Source: https://github.com/aipoch/medical-research-skills

WGCNA Analysis

When to Read External Files

AI Agent: This section tells you when to read additional files.

Situation	File to Read	Purpose
Need algorithm details	`references/algorithm.md`	WGCNA workflow, filtering strategy, statistics, assumptions
Need to run analysis	`scripts/main.R`	Execute: `Rscript scripts/main.R --input_file ... --group_file ...`
Encounter errors	`references/troubleshooting.md`	Common errors, causes, and fixes
Need CLI examples	`references/cli-guide.md`	Complete command examples for common scenarios
Need conversion audit details	`references/diagnosis-report.md`	Skill readiness assessment and remediation summary
Need test data	`tests/data/`	Minimal example input files for validation

When Not to Use

Do not use for single-cell RNA-seq matrices.
Do not use for methylation data, DEG testing, or other non-WGCNA workflows.
Do not use if the user only wants exploratory discussion and does not want the analysis executed.
Do not proceed if the dataset is obviously too small for WGCNA or becomes too small after QC.

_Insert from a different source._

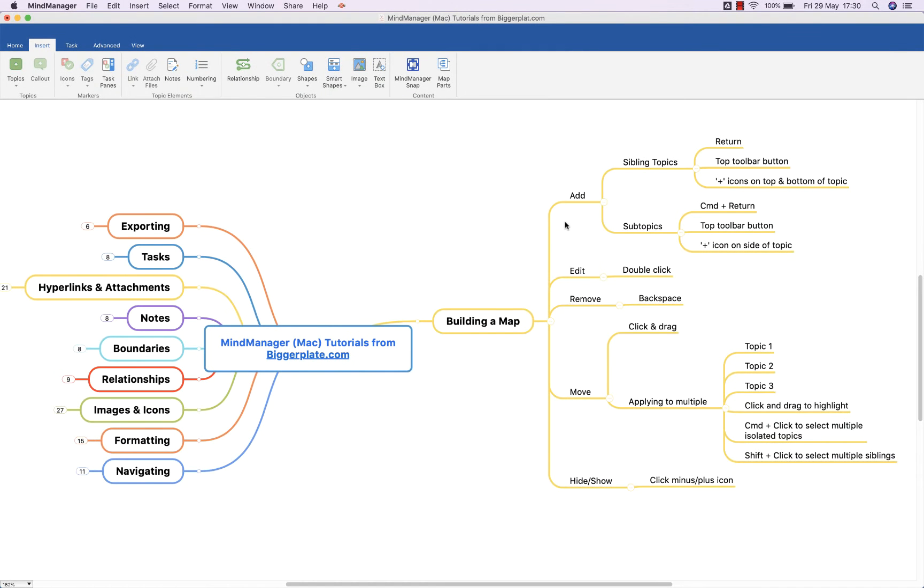Hello and welcome to this brief tutorial from biggerplate.com showing you how to begin building your first mind map in Mind Manager for Mac.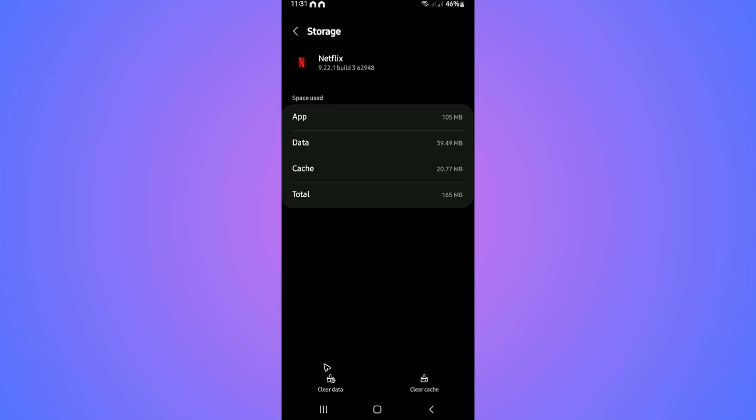If you're using iOS, go to the settings app, then general. From general, locate Netflix and tap on offload data. Once done, sign back in and you're good to go. I hope this video helps, and I'll see you in the next one.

When an input is out of scope, stop early and state which limitation applies.

Usage

Rscript scripts/main.R \
  --input_file ./expression_matrix.csv \
  --group_file ./group_info.csv \
  --output_dir ./output/ \
  --sample_column sample \
  --group_column group \
  --network_type unsigned \
  --cor_type pearson \
  --mad_quantile 0.25 \
  --min_mad 0.01 \
  --max_genes 5000 \
  --min_module_size 30 \
  --merge_cut_height 0.25 \
  --soft_r2_cutoff 0.85 \
  --module_of_interest auto \
  --top_modules 1 \
  --tom_sample_size 400 \
  --chunk_size 0 \
  --seed 42 \
  --timeout_seconds 0

Arguments

Short	Long	Type	Default	Description
`-i`	`--input_file`	character	required	Expression matrix file with genes in rows and samples in columns
`-g`	`--group_file`	character	required	Sample-to-group mapping file
`-o`	`--output_dir`	character	`./output/`	Output directory
`-a`	`--sample_column`	character	`sample`	Sample column in the group file; falls back to the first column if not found
`-b`	`--group_column`	character	`group`	Group column in the group file; falls back to the second column if not found
`-n`	`--network_type`	character	`unsigned`	Network type for WGCNA: `unsigned` or `signed`
`-c`	`--cor_type`	character	`pearson`	Correlation type: `pearson` or `bicor`
`-q`	`--mad_quantile`	double	`0.25`	MAD quantile used to define the variability cutoff
`-m`	`--min_mad`	double	`0.01`	Minimum MAD cutoff combined with the quantile filter
`-k`	`--max_genes`	integer	`0`	Maximum number of retained variable genes; `0` keeps all filtered genes
`-p`	`--min_module_size`	integer	`30`	Minimum module size used by `blockwiseModules()`
`-r`	`--merge_cut_height`	double	`0.25`	Merge cut height for module merging
`-u`	`--soft_r2_cutoff`	double	`0.85`	Target scale-free topology R-squared cutoff for soft-threshold selection
`-t`	`--trait_of_interest`	character	`NULL`	Trait column used for module membership vs trait scatter plots; defaults to the first trait column
`-x`	`--module_of_interest`	character	`auto`	Module color or comma-separated module colors to export; `auto` ranks modules by absolute module-trait correlation
	`--top_modules`	integer	`1`	Number of top-ranked modules to export when `module_of_interest=auto`
`-y`	`--tom_sample_size`	integer	`400`	Number of genes sampled for the TOM heatmap
	`--chunk_size`	integer	`0`	Row chunk size for large expression matrices; `0` disables chunked loading
`-s`	`--seed`	integer	`42`	Random seed for reproducibility and TOM heatmap sampling
`-z`	`--timeout_seconds`	integer	`0`	Optional elapsed-time limit in seconds; `0` disables timeout

Input Format

Expression Matrix (`input_file`)

CSV file with gene identifiers in the first column and sample IDs in the header row. All expression columns must be numeric.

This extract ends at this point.